There are three groups leading the effort. The EPA, the North Carolina Department of Environmental Quality, and the Multistate Environmental Response Trust.

David Mattison is project manager for the DEQ.

“This is an early aerial photograph from 1938 and it depicts the plant in its earliest days of operation and we have a series of aerial photographs that go from 1938 all the way to present day. They just show the evolution of the plant and places where wood was stored, whether it was untreated or treated, the process area, the ponds and that sort of thing.”

Not all of this property is heavily polluted with Creosote, which the EPA says is a likely human carcinogen. Erik Spalvins is with the EPA.

“Now we're finding that a large part of this site doesn't have a tremendous amount of contamination. Down where the process area was there's more contamination, under the wastewater ponds. There's a lot of creosote in the aquifer, which we're working on figuring out how to handle that. And then in the marsh there's creosote in a small part of the marsh that we're studying today.”

Spalvins says they will clean up the northern section first, so that it can be redeveloped sooner. That should start in 18 months.

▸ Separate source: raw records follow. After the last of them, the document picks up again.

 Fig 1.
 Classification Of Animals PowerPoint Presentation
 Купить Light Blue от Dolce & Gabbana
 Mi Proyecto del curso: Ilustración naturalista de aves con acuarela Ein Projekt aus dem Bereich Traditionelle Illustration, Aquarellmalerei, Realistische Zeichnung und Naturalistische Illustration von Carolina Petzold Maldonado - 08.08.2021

“My name's Richard Elliot and I'm the director of construction services and senior project manager for the Greenfield Multistate Environmental Response Trust.”

The trust came out of a lawsuit involving the former property owners.

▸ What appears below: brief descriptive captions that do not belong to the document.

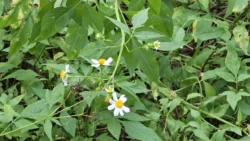 Coney Island Svg+xml,%3Csvg%20xmlns%3D%22http%3A%2F%2Fwww.w3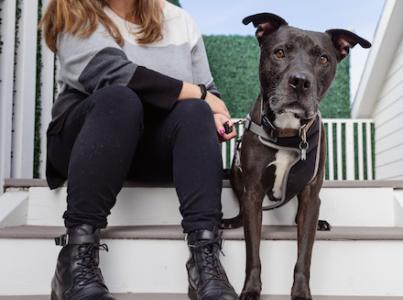 big dog sitting on porch with woman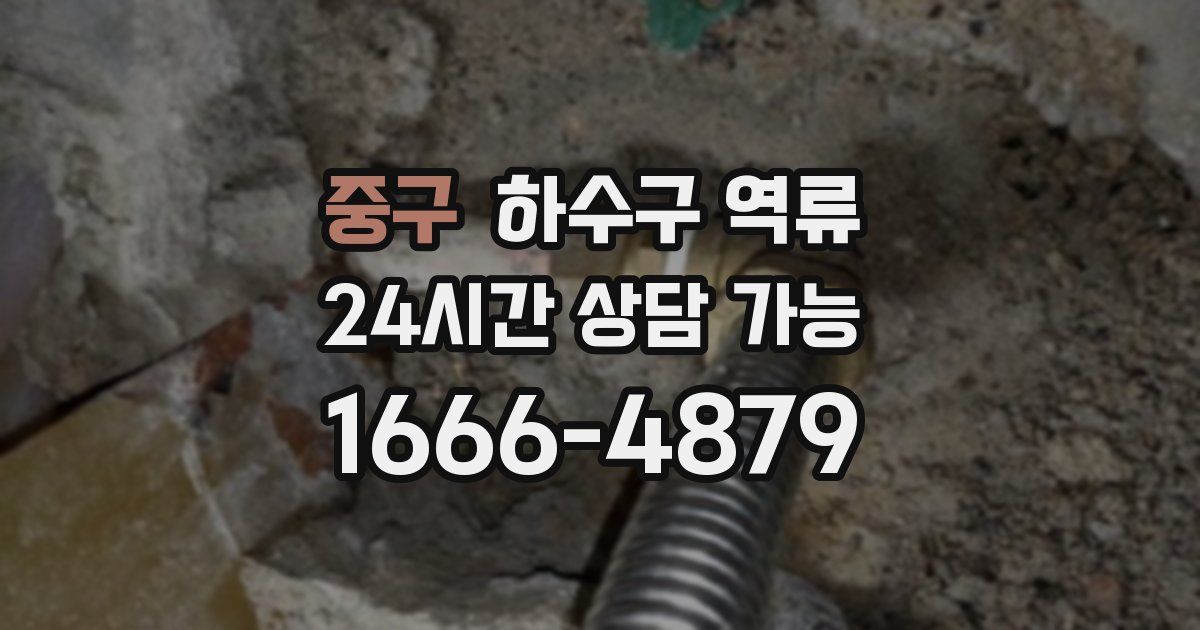 중구 하수구 역류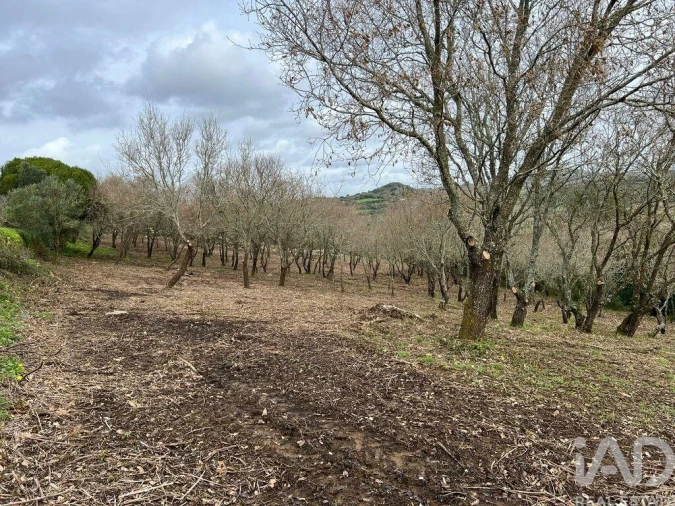 Terreno para Venda em Almargem do Bispo, Pêro Pinheiro e Montelavar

“So we manage the money to try to clean up the property. We don't redevelop it. We set it up for redevelopment. We remediate it. And then we sell it to a third party. The reason we went through this process, a couple of reasons, but the primary one was we want to develop the remedy to fit what the future use will be, so that's the most efficient way to do that. And then also we engage the community in this so they had a part in helping us understand what type of third party we want to be working with.”

The proposed plans for the redevelopment include kayak and boat launches, a cultural center, an area for light industry and commercial, plus hiking trails and open space.

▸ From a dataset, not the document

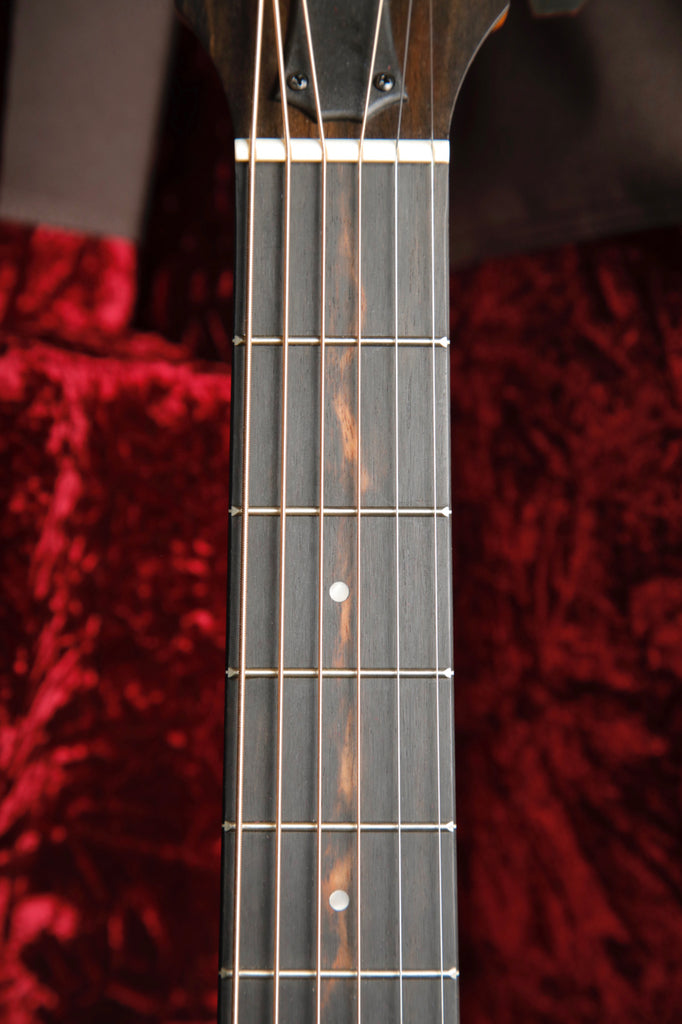 Taylor 214ce Plus Grand Auditorium Acoustic-Electric Guitar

Navassa Mayor Eulis Willis says his community has appreciated the transparent process around this project.

“You know, you get the war stories, you know, the ones where you get the low income community that's not very worldly, right? And you coming in and you pull the wool over the eyes and you do like you want to do. Well, I don't have that concern or not a major concern with that happening in this case, because of the transparency and the willingness of the participants to help bring in assistance, to give us explanations to take the time and show us what's going on. I feel pretty good about it.”

Much of the cleanup will involve removing contaminated soil. Underground barriers may also be necessary to keep contaminated groundwater from seeping into marshes and the Brunswick River.